Uwe Junge tritt aus der AfD aus

Ex-Landesvorsitzender verlässt die Partei, weil sie ihm zu radikal ist. Dabei ist auch er alles andere als gemäßigt

Von Gareth Joswig

Die AfD verliert immer mehr Feigenblätter: Der ehemalige Landesvorsitzende aus Rheinland-Pfalz, Uwe Junge, hat am Sonntagabend auf Facebook seinen Austritt aus der Partei bekannt gegeben. Seine Erklärung liest sich wie eine Abrechnung.

Als Gründe für den Austritt gibt Junge die Radikalisierung der Partei durch den offiziell aufgelösten extrem rechten Flügel an und beklagt die Aufstellung von Opportunisten, die nur auf Listenplätze schielten. Damit meint er die vom Flügel favorisierten Spit­zen­kan­di­da­t*in­nen für die Bundestagswahl Alice Weidel und Tino Chrupalla. So werde die „Unwählbarkeit der AfD immer offensichtlicher“, schreibt Junge. Er werde zusammen mit seiner Frau Claudia Junge austreten, weil ihn die Entwicklung der AfD „zutiefst betrübt“. Allen voran sei er vom Ehrenvorsitzenden Alexander Gauland enttäuscht, „der mit seiner schützenden Hand einen völlig überschätzten [Björn, d. R.] Höcke am viel zu rechten Rand gewähren ließ“ und den rechtsextremen Andreas Kalbitz „bis in die höchsten Parteiämter förderte“. Junge selbst gilt als einer der Organisatoren des innerhalb der AfD als gemäßigt geltenden Lagers um den Bundessprecher Jörg Meuthen.

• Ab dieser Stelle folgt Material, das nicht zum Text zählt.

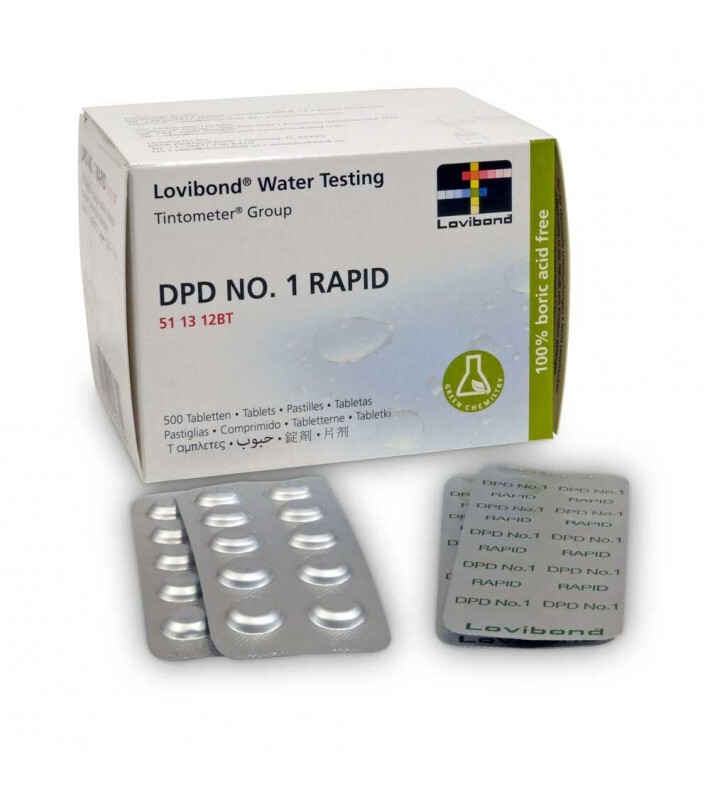 ТаблеткитестераDPD1-10блистеров100таблеток-дляизмеренияуровнясвободногохлораCLвводебассейна,пултестердлябассейна-Lovibond,Германия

Junge selbst war allerdings im September 2018 in Chemnitz auf einer Demo Seit’ an Seit’ marschiert mit den prominenten Flügel-Anführern Höcke und Kalbitz sowie Pegida-Gründer Lutz Bachmann und vielen Neonazis. Während der Fußball Europameisterschaft 2021 bezeichnete er die Regenbogenflagge am Arm des Nationalmannschaftskapitäns Manuel Neuer als „Schwuchtelbinde“.

Angst ums eigene Ansehen

Nun teilt Junge gegen die noch Radikaleren aus. Der Umgang mit dem „bekennenden NS-Sympathisanten“ Matthias Helferich zeige etwa, dass sich die Mehrheiten im Bundesvorstand verschoben hätten: Helferich wird über die Landesliste in NRW als Teil der AfD-Fraktion voraussichtlich in den Bundestag einziehen, obwohl er den berüchtigten NS-Richter Roland Freisler in privaten Chats als Vorbild genannt hatte und ein Bild von sich selbst mit das „freundliche Gesicht des NS“ kommentiert hatte.

Die AfD-Spitzenkandidat*innen Weidel und Chrupalla hatten im Bundesvorstand gegen ein Parteiausschlussverfahren in der Causa Helferich gestimmt. Bundessprecher Jörg Meuthen hatte auf einen Ausschluss gedrängt.

„Die Ausfälle von Gauland, Höcke, Kalbitz und anderen kann ich auf Dauer nicht mehr mittragen, weil sie einen selbst in Mithaftung nehmen und das eigene Ansehen beschmutzen“ schreibt Junge. Er will nun bei der kommenden Bundestagswahl die Liberal-Konservativen-Reformer vom ehemaligen AfD-Bundessprecher Bernd Lucke wählen.